In line with the government's opinion, the Spanish general press described the data as "exorbitant" and "implausible", "incorrect calculation", "wrong figure" and "inflated" or "shocking". However, other voices, such as that of the economist Roberto Centeno, who accused the monarch and his former administrator, Manuel Prado y Colón de Carvajal, of charging, since the late 1970s, while he was CEO of the Campsa oil company, a percentage for oil imported by the Spanish State from Middle Eastern countries; according to his statements, the commission was between 1 and 2 dollars per barrel, which meant about two million euros per ship. In 2015, a conversation was leaked, recorded by the National Intelligence Center, during which the businessman Javier de la Rosa affirmed that the economic adviser Arturo Fasana, implicated in several corruption and money laundering schemes, "saved" at some point 300 million to Juan Carlos I. Centeno maintains that, after taking responsibility, in the exercise of his responsibilities, of the contracting of a shipment of Kuwaiti oil, the then Minister of Finance, Francisco Fernández Ordóñez, sent him a call to attention so that he would not formalize any oil supply contract in the Middle East again because —he warned him— that land it was "reserved" for Manuel Prado and Colón de Carvajal. According to the economist, Fernández Ordóñez even told him: «Look, Manolo Prado has been here, he found out that you were in Kuwait and he has set me up a chicken that you cannot imagine; He has told me that Saudi Arabia and the Emirates are exclusively his and no one but him can negotiate a barrel, so don't even think of doing anything like that again ». And he ends by assuring that Juan Carlos I, through his representative and private administrator, Manuel de Prado, "had a monopoly on our extra supplies during the oil crisis", and that "the Treasury paid for the oil what it put on the bill, without going into any inquiry and even less committing the vulgarity of saying that it could be bought cheaper when the achiever was Prado».

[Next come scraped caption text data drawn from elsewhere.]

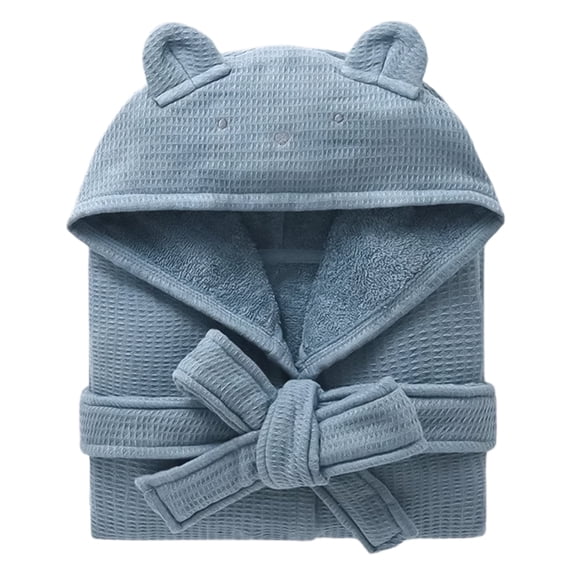 Girls Terry cloth Bathrobe Hooded Soft Towel Bath Robe 100% Cotton Absorbent Bathrobe Pajama Loungewear Hooded 2-12 Years Robe for Child Gifts (Age,2-3 Years,Blue)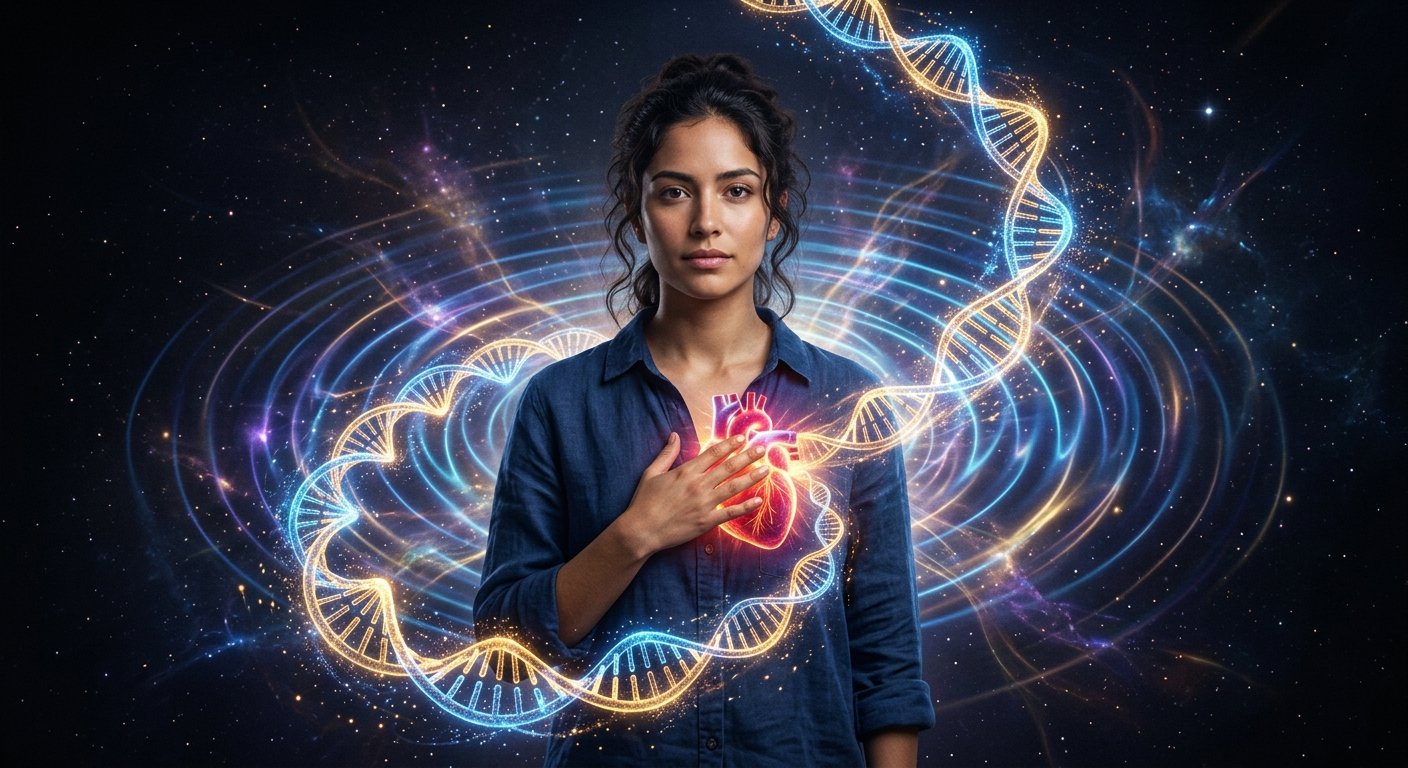 Ilustração de um coração emitindo ondas de luz conectadas a uma fita de DNA. Descubra a relação entre epigenética e saúde mental para reescrever o seu destino biológico.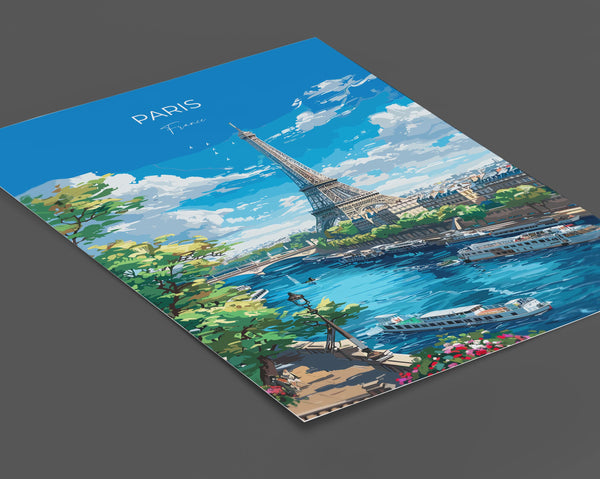 Paris Travel Print, Travel Poster of Paris, France, Paris Art Lovers Gift, Eiffel Tower France Wall Art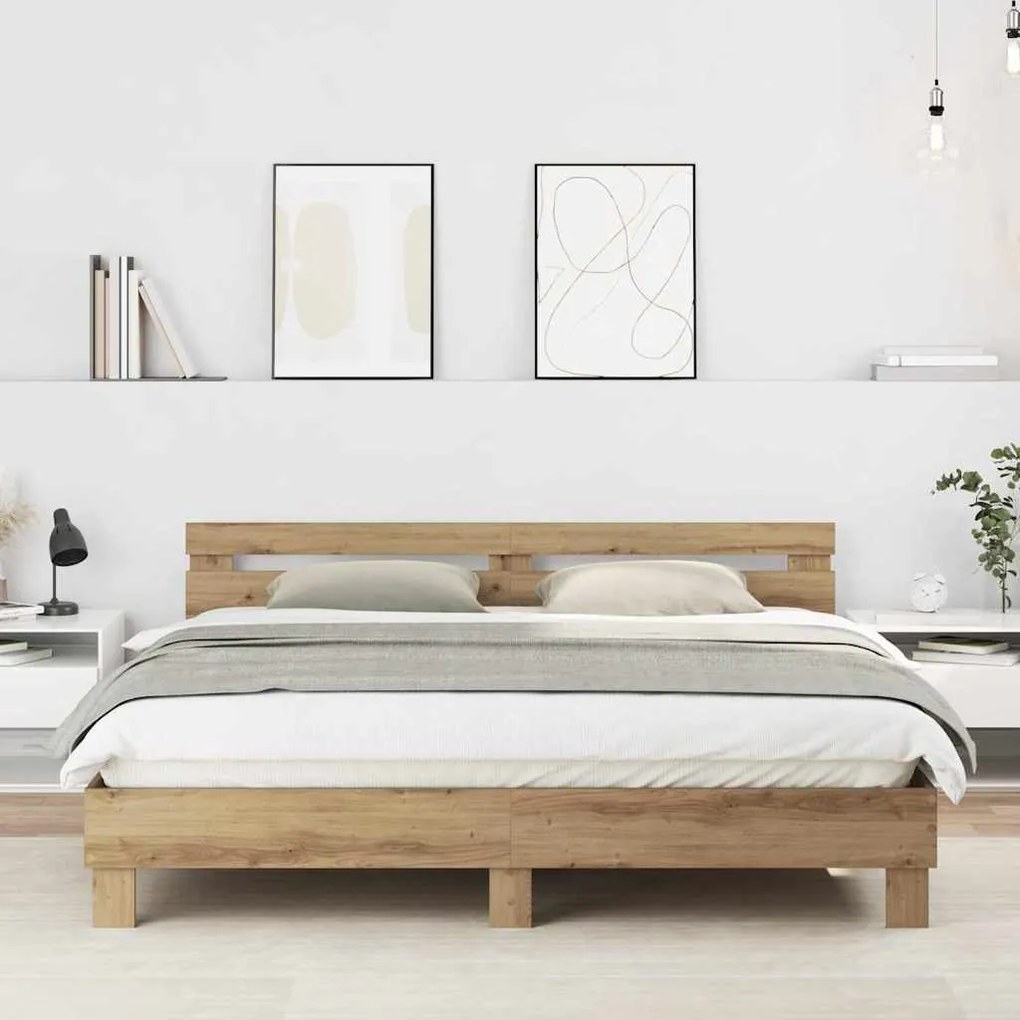 vidaXL Πλαίσιο Κρεβατιού Artisan Oak 180 x 200 cm Επεξεργασμένο ξύλο
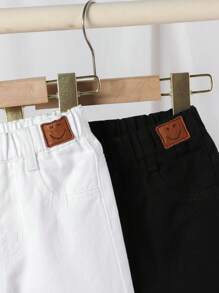 SHEIN Playful Pals 2pcs Baby Boys All-Match Versatile Loose Comfy Casual White + Black Denim Straight Leg Pants Set - Multicolor - View 4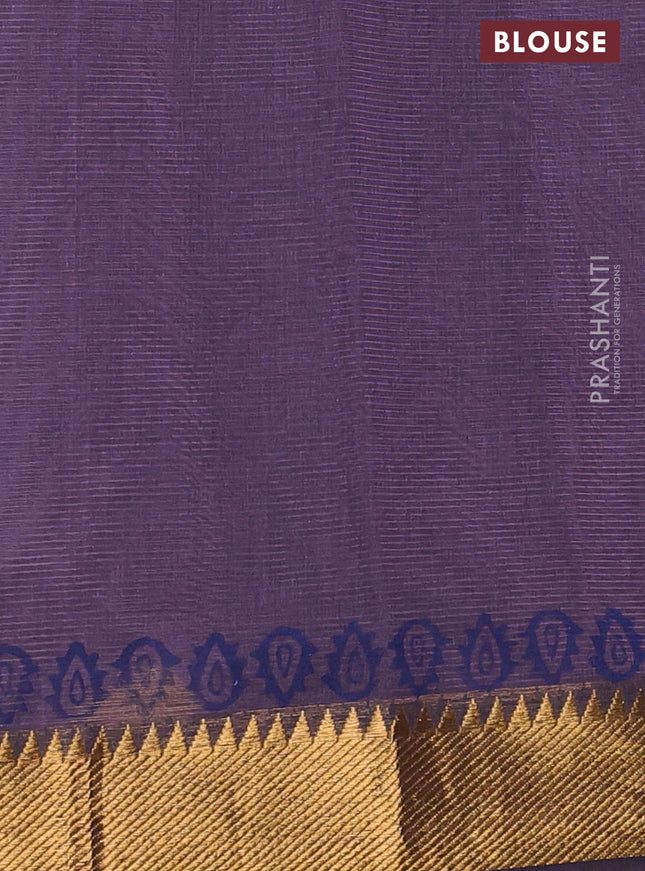 Mangalgiri cotton block printed saree wine shade with butta prints and zari woven border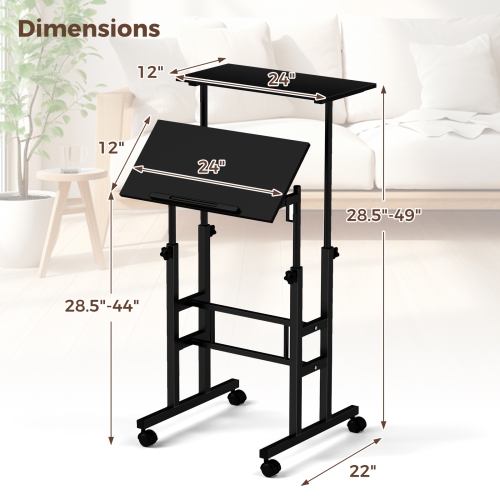 Costway Mobile Standing Desk Rolling Adjustable Laptop Cart Home Office
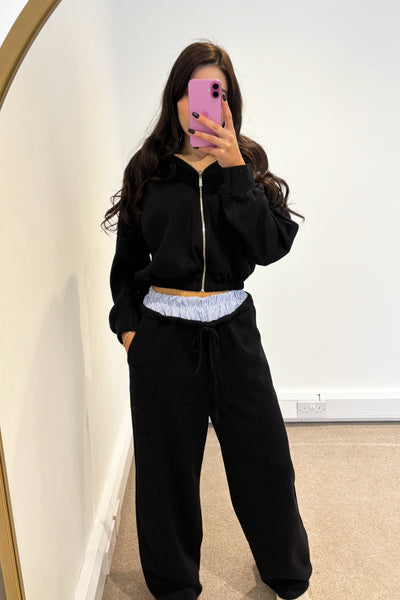 Striped Boxer Waistband Tracksuit - Black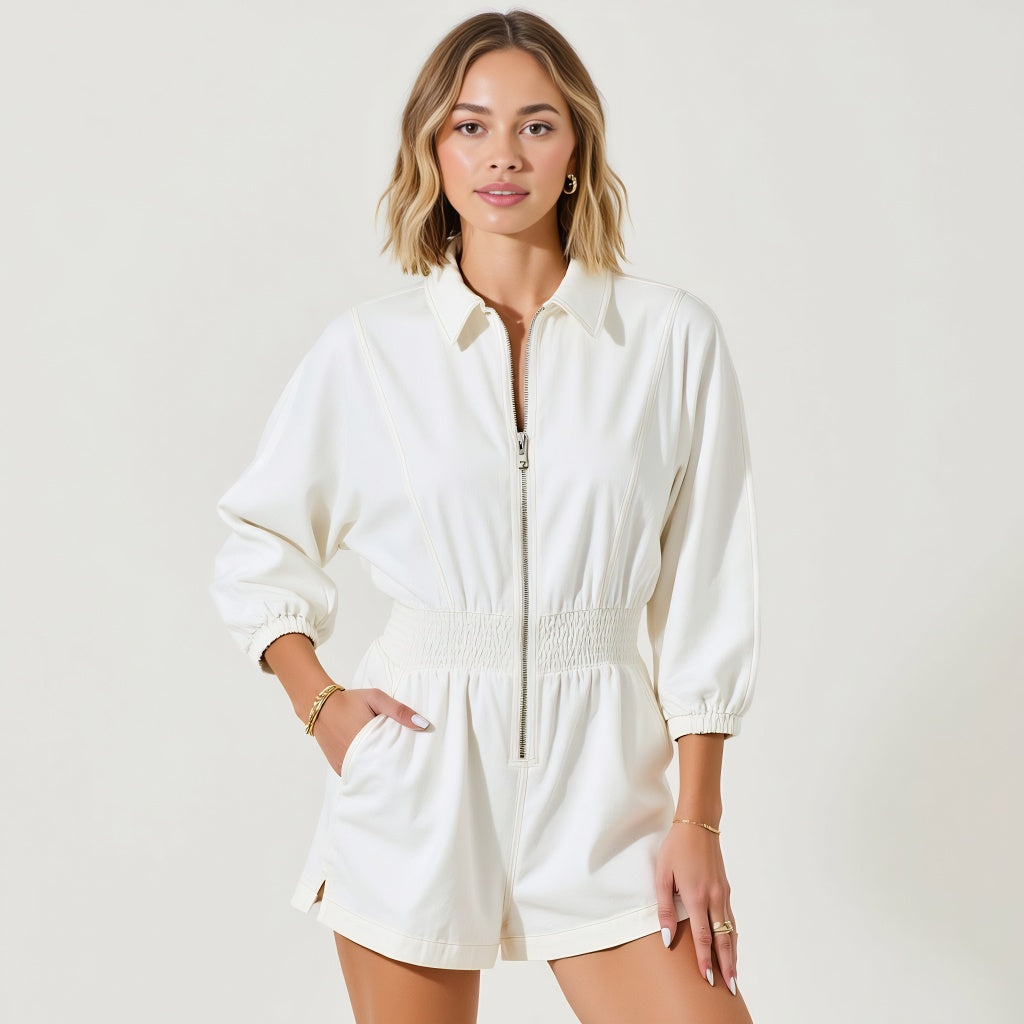 Zip Front Long Sleeve Romper with Elastic Waist and Collar Detail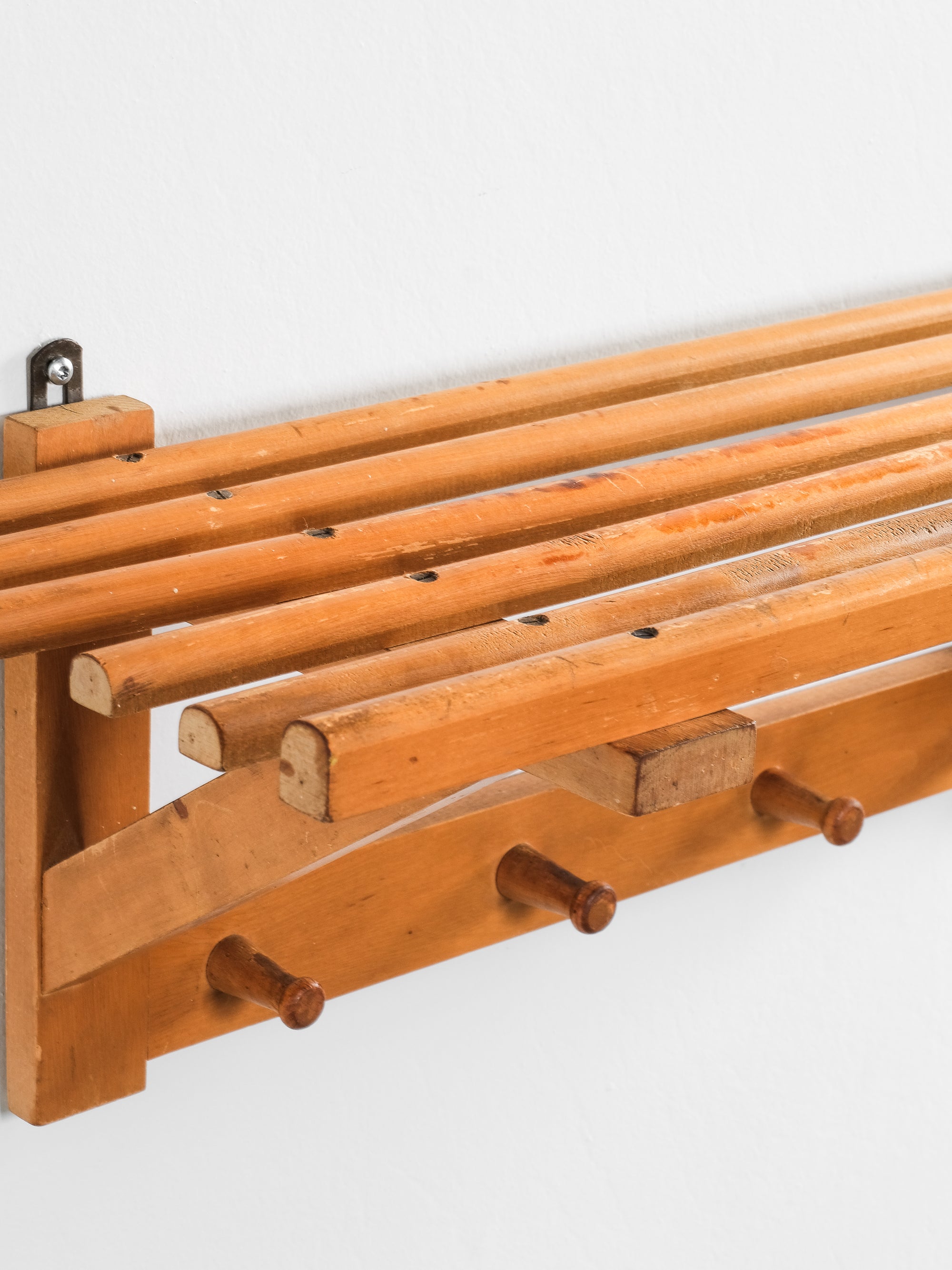 Wooden Wall Mount Coat Rack, 1950s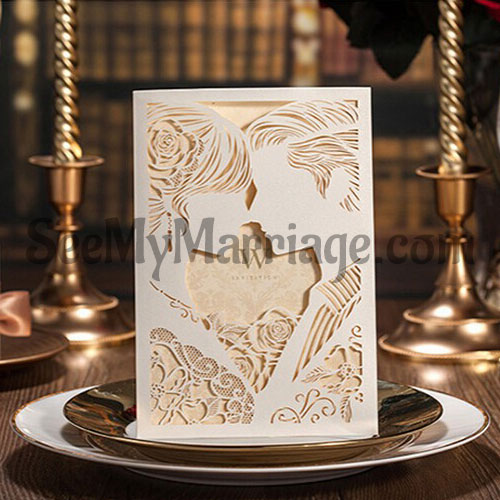 Love Story Laser Cut Wedding Invitation Card - Pack Of 100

In the summer of 2021, the digital newspaper Público revealed the results of a series of investigations into the origin of said fortune. The successive installments, signed by the journalist and writer Carlos Enrique Bayo, were titled as follows: "I: King Juan Carlos I forged his fortune by selling arms to Arab countries together with Colón de Carvajal and Khashoggi"; "II: Manuel Prado transferred the management of the king's fortune to Alberto Alcocer and right after Arturo Fasana created the 'Soleado' account"; "III: Juan Carlos I took 52 million commission for the sale of Banco Zaragozano and promoted the 'foundations ' Zagatka y Lucum"; "IV: Juan Carlos I interceded with the Constitutional Court to free 'Los Albertos' [Alberto Cortina and Alberto Alcocer] in prison the year he received 100 million in an opaque account »; and « V: Juan Carlos I used National Heritage to pay luxuries for his lovers and the expenses of his palaces, yachts and trips ».

Private and family life

Offspring

Juan Carlos and Sofia, photographed alongside their three children (Philipe, Cristina and Elena), in 1975

On May 14, 1962, he married Princess Sofia of Greece and Denmark in Athens, with whom he had three children:

  • Elena de Borbón and Greece, Infanta de España y Duquesa de Lugo; n. 20 December 1963. Married with Jaime de Marichalar and Sáenz de Tejada in 1995, who was divorced in 2010.
    • Felipe Juan Froilán de Marichalar and Borbón, great of Spain; n. 17 July 1998.
    • Victoria Federica de Marichalar y Borbón, grande de España; n. 9 de septiembre de 2000.
  • Cristina de Borbón and Greece, Infanta de España; n. 13 June 1965. Married with Iñaki Urdangarin Liebaert in 1997, which was separated in 2022.
    • Juan Urdangarin and Borbón, great of Spain; n. 29 September 1999.
    • Pablo Urdangarin and Borbón, great of Spain; n. 6 December 2000.
    • Miguel Urdangarin and Borbón, great of Spain; n. 30 April 2002.
    • Irene Urdangarin and Borbon, Spain's largest; n. 5 June 2005.
  • Philip of Bourbon and Greece, king of Spain as Philip VI; n. 30 January 1968. Married with Letizia Ortiz Rocasolano in 2004.
    • Leonor de Borbón y Ortiz, Princess of Asturias; n. 31 October 2005.
    • Sofia de Borbón y Ortiz, Infanta de España; n. 29 April 2007.

Hobbies

El yate Fortuna en 2021.
The Fortuna yacht in 2021.

King Juan Carlos participated as a sailor in the 1972 Munich Olympic Games, competing in the Dragon class with his boat Fortuna. The two crew members of him were Félix Gancedo and Gonzalo Fernández de Córdoba Later he was part of the Bribón team. After several decades of high competition, including a brief retirement between 2011 and 2016, Juan Carlos I was proclaimed sailing world champion in 2017, at the age of seventy-nine, in the category of classic 6-meter boats at the World Cup. from Vancouver (Canada).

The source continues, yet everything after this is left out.